Armutskonferenz warnt vor weiterer Entsolidarisierung

Armut

Foto: epd-bild/Thomas Lohnes

Die Nationale Armutskonferenz warnt vor einer wachsenden gesellschaftlichen Entsolidarisierung. Mit Blick auf den zurückliegenden Wahlkampf sagte die Sprecherin der Nationalen Armutskonferenz, Barbara Eschen, am Mittwoch in Berlin, "wir haben gerade eine unglaubliche Neiddebatte erlebt". Die AfD spiele mit völkischen Parolen gezielt Menschen gegeneinander aus und wolle ein Ende des sozialen Ausgleichs für Schwächere. "Das macht gerade vielen in Armut lebenden Menschen Angst", betonte Eschen, die auch Direktorin der Diakonie Berlin-Brandenburg-schlesische Oberlausitz ist, zum Auftakt einer Tagung. Den Betroffenen brenne deshalb auf den Nägeln, was nach der Bundestagswahl passiert.

Viele in Armut Lebende hätten das Gefühl, dass das, was politisch entschieden wird, mit ihnen nichts zu tun habe, sagte Eschen weiter. Schon der Armuts- und Reichtumsbericht der Bundesregierung habe thematisiert, dass politische Entscheidungen vor allem für Besserverdienende gefällt werden. Darum sei es so wichtig, eine Lobby für Arme zu bilden und ihnen Gehör zu verschaffen.

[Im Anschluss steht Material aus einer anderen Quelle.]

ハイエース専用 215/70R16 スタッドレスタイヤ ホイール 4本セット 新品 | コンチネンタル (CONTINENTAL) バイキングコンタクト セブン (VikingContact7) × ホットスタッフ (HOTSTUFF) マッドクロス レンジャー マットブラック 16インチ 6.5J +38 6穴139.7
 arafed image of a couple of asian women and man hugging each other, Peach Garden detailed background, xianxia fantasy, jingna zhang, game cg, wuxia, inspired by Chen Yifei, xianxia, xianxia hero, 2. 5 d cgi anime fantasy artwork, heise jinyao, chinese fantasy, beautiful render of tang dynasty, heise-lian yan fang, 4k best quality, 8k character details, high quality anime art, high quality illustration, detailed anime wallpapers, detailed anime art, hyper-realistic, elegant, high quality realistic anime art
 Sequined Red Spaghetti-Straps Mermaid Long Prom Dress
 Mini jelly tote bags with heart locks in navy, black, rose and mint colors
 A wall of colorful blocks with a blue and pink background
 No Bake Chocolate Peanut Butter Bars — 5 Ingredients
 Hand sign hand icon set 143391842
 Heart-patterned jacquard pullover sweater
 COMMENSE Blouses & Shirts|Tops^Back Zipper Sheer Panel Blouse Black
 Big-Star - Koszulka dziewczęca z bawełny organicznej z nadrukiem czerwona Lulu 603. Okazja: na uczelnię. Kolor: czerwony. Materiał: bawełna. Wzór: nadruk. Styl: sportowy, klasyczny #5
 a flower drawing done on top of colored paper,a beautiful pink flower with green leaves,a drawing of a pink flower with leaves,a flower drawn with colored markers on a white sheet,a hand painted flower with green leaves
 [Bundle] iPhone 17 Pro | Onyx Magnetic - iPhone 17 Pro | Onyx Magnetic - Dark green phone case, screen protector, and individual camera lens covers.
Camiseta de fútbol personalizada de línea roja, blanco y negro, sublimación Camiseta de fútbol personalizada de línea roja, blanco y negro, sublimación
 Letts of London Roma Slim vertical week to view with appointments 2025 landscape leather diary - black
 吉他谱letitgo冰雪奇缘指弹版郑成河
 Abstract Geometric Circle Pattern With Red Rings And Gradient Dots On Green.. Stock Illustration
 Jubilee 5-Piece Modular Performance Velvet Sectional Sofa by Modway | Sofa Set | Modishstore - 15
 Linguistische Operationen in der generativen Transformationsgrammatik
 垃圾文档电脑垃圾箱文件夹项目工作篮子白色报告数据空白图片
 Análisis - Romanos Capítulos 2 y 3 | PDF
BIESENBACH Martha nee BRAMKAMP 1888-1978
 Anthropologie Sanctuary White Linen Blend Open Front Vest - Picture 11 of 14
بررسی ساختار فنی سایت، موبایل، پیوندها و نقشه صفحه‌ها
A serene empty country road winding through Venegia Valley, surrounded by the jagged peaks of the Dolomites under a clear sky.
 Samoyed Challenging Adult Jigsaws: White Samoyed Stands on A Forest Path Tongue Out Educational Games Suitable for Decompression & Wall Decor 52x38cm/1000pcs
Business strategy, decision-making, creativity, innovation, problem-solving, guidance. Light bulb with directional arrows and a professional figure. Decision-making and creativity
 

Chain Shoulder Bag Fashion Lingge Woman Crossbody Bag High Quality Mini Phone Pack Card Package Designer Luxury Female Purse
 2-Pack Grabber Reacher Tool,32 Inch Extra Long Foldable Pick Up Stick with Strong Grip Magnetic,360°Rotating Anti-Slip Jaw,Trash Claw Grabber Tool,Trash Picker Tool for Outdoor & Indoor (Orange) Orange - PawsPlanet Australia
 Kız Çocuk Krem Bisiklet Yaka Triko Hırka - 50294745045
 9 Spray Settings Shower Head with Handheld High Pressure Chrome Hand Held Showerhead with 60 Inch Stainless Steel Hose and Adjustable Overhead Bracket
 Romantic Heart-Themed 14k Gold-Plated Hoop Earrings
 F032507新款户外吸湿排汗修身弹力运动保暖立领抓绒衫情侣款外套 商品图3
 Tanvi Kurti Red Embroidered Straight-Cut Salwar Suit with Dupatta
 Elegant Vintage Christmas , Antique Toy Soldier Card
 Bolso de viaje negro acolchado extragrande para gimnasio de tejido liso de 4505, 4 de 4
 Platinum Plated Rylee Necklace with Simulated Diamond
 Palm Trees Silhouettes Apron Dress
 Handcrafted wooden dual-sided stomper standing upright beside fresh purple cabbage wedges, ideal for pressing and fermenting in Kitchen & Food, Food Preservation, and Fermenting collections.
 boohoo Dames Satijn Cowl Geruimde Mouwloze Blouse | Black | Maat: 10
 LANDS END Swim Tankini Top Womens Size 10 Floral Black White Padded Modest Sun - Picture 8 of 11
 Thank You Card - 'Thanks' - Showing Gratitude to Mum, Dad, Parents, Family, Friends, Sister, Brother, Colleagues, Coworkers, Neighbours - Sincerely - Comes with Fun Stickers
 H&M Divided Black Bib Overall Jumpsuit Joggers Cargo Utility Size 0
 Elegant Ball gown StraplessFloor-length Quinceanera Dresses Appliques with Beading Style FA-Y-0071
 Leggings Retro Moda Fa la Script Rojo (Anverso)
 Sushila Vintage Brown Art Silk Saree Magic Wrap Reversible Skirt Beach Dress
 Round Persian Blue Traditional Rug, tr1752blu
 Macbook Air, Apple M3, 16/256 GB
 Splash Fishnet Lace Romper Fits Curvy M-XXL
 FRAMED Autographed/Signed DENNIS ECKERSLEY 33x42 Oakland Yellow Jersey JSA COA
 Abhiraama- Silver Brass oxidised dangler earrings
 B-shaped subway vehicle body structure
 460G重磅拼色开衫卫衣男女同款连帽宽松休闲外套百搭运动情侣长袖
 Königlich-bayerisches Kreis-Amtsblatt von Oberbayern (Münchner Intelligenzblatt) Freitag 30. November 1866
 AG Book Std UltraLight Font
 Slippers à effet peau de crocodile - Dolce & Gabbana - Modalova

Veranstalter der Berliner Tagung ist die Nationale Armutskonferenz, ein Bündnis aus Wohlfahrtsverbänden, Gewerkschaften, Fachverbänden der Armutsbekämpfung und Selbsthilfeorganisationen.

Von der neuen Bundesregierung erwarte die Armutskonferenz einen ausreichenden Regelsatz in der Grundsicherung, genug sozialen Wohnungsbau, ein Ende der Benachteiligung von Alleinerziehenden, gute Arbeit statt prekärer Beschäftigung und eine gerechte Kindergrundsicherung statt der bisherigen Bevorzugung reicher Familien. Zudem müssten die Sanktionen in der Grundsicherung abgeschafft werden. Betroffene erlebten die ständige Kontrolle und Bestrafung durch die Ämter als respektlos und demütigend, da es auch bei jahrelangem Leistungsbezug kaum wirkliche Hilfsangebote gebe, sagte Eschen. "Diese Punkte gehören alle in die Koalitionsverhandlungen."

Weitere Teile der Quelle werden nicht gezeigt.